Esattamente 40 anni fa, il 7 marzo 1985, usciva We are the world, la canzone che il supergruppo USA for Africa aveva inciso per fare beneficenza all’Etiopia e non solo all’Etiopia ma soprattutto per dare una risposta americana alla britannica Do they know it’s Christmas? Su queste due canzoni parole definitive sono state spese da Bob Geldof, artefice delle operazioni Band Aid e Live Aid ma presente anche in USA for Africa: “Sono responsabile delle due più brutte canzoni della storia. L’altra è We are the world“. Siccome chi ascolta musica non è obbligato a essere diplomato al Conservatorio, così come chi guarda una partita può farlo senza essere passato da Coverciano, si può dire che le due canzoni emozionarono ed emozionano ancora oggi, quella britannica un po’ di più grazie al genio incommensurabile di Midge Ure, mentre per We are the world l’idea di Michael Jackson e Lionel Richie fu più convenzionale, come se oggi chiedessimo a Suno di scriverci un inno soft alla fratellanza e contro la fame nel mondo.
Di questa canzone abbiamo parlato tante volte, anche in occasione dell’uscita del documentario We are the world: la notte che ha cambiato il pop, rimane pochissimo da dire. Se non ribadire che per la maggior parte fu un prodotto di Michael Jackson, perché la melodia grezza fu sì ideata insieme a Richie a casa Jackson, allora a Encino, ma poi la struttura della canzone, la strumentazione e i testi furono quasi totalmente del re del pop.

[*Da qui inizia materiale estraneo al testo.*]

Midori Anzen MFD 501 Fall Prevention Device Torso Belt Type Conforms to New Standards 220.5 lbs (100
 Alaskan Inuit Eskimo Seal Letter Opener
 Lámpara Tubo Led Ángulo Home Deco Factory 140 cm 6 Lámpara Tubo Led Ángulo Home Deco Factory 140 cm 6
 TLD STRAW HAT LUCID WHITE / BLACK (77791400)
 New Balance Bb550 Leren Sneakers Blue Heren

Riguardando il celeberrimo video è poi facile notare gli americani assenti, due giganteschi rispetto alla loro popolarità dell’epoca: Madonna, che non piaceva a Quincy Jones e che di fatto non fu invitata, e soprattutto Prince, che si tentò fino all’ultimo di convincere, con Jackson che aveva addirittura previsto una parte con un loro duetto. Fu messa in mezzo anche Sheila E., presente in We are the world, purissimo prodotto di Prince (le scrisse quasi tutti i primi tre album), gli fu proposto anche di registrare a parte, ma niente. Prince non era contrario ai fini benefici dell’operazione, che nel corso degli anni ha raccolto, attualizzati, quasi 300 milioni di dollari, al punto che diede una sua canzone per We are the world inteso come album, ma non gli andava di mescolarsi agli altri e non lo fece.

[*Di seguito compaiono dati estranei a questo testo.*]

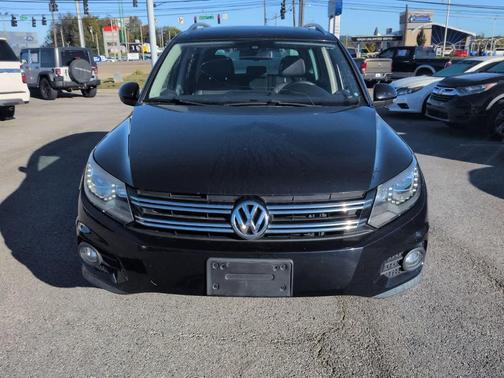 2016 Volkswagen Tiguan SE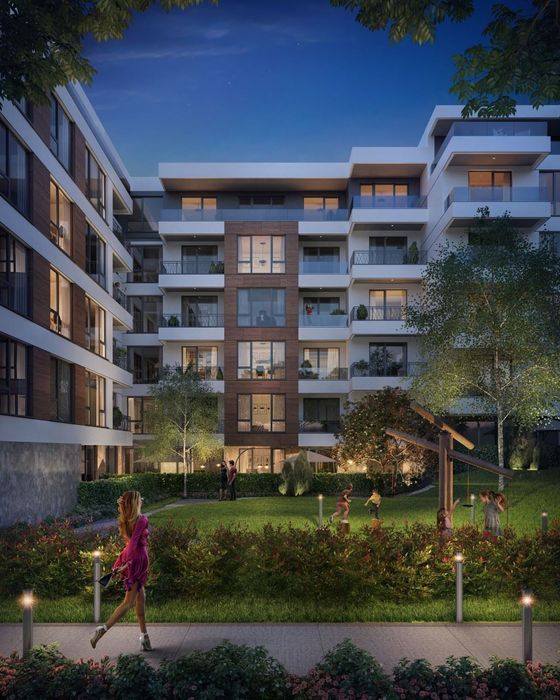 Продава се Двустаен апартамент в София, Малинова долина - 84 кв.м за 1388 €/кв.м - Снимка #1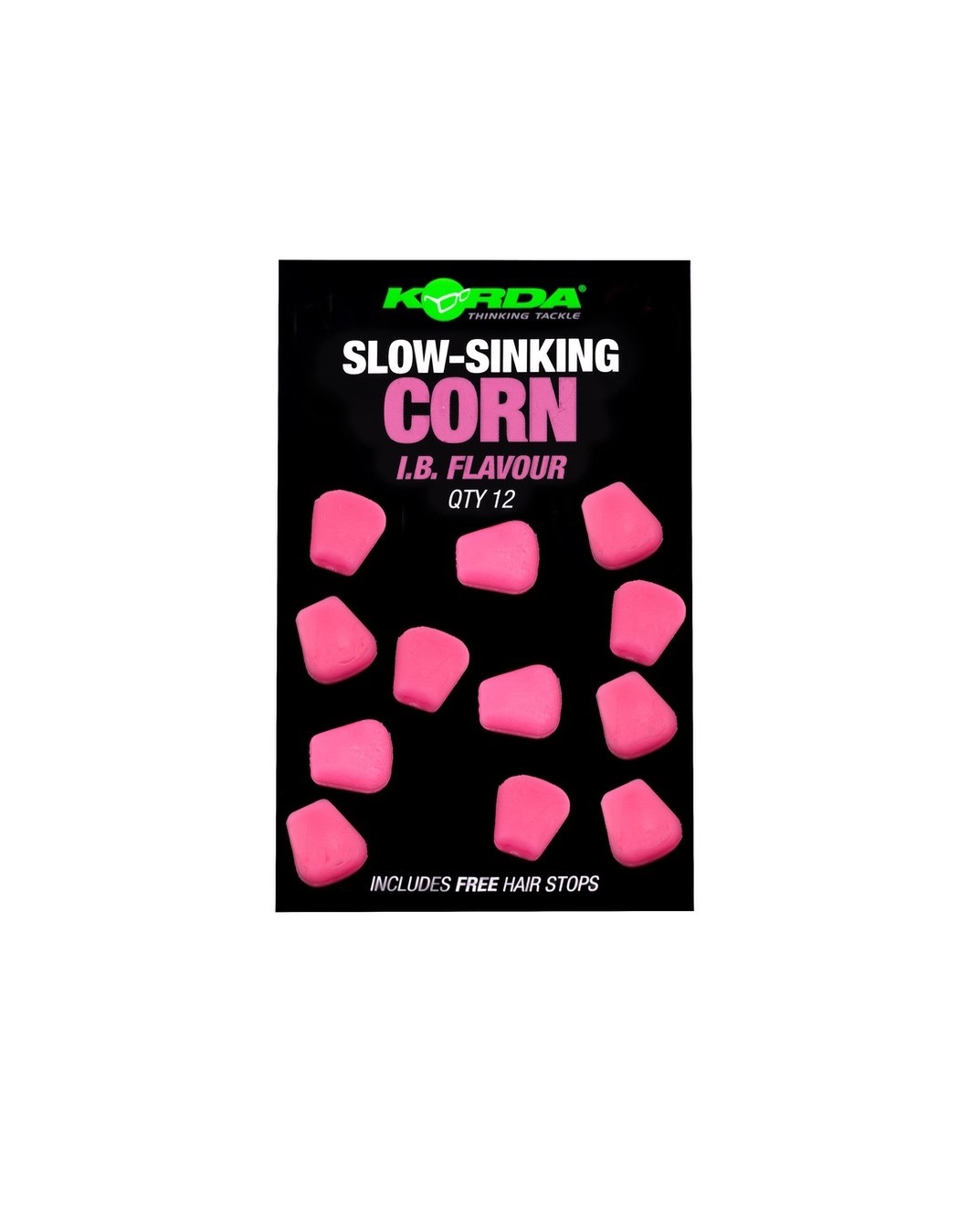 Korda Slow Sinking Corn IB Pink (12pcs)
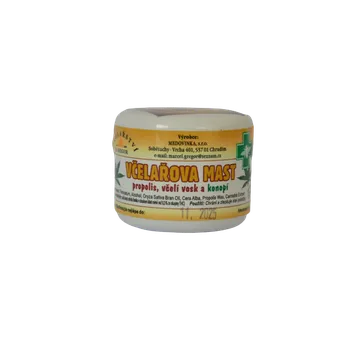 MEDOVINKA, s.r.o. Propolis a včelí vosk - mast Gramáž: 27g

Se Madonna e Prince vivevano nel loro mondo e non fecero niente per fare parte del progetto, diversamente andò con John Denver, che cercò di autoinvitarsi ma fu respinto con la motivazione pretestuosa che il folk e a maggior ragione il country erano generi vecchi. Ma allora Dylan? E Willie Nelson? Di sicuro l’operazione americana ha sempre avuto meno calore di Do they know it’s Christmas? anche se ha indubbiamente venduto di più: 20 milioni di copie a 12, senza contare versioni successive e remix. Per noi We are the world era anche la cassetta che il nostro compagno di stanza Duccio ascoltava in maniera compulsiva sul Walkman, in una indimenticabile vacanza inglese in cui per la prima volta giocammo a tennis sull’erba (quando il nostro coetaneo Becker già aveva vinto Wimbledon), senza costrutto come tutto il resto.
Al solito teniamo per la fine ciò che avremmo potuto dire all’inizio in due righe: perché queste operazioni musicali di beneficenza fecero scalpore? Un ragazzo di oggi, abituato a mille concerti per cause giuste e meno giuste, potrebbe legittimamente chiedersi cosa ci sia di strano in un gruppo di cantanti che dedica qualche ora di tempo a un disco che oltretutto gli porta anche un’immagine positiva, da personaggio impegnato. La risposta è semplice: fino al 1984-85 non lo aveva mai fatto nessuno, almeno su scala internazionale. La beneficenza era silenziosa e comunque una cosa da ricchi: prima non è che i ricchi venissero a chiedere ai poveri, cioè i loro fan, di aiutare i poverissimi. In generale anche in televisione questo meccanismo ricattatorio non esisteva, e comunque si sarebbe scontrato con un pubblico meno ricettivo e sensibile. Band Aid e ancora di più USA for Africa, per non arrivare al Live Aid, furono quelli che in cialtronese potremmo definire i game changer.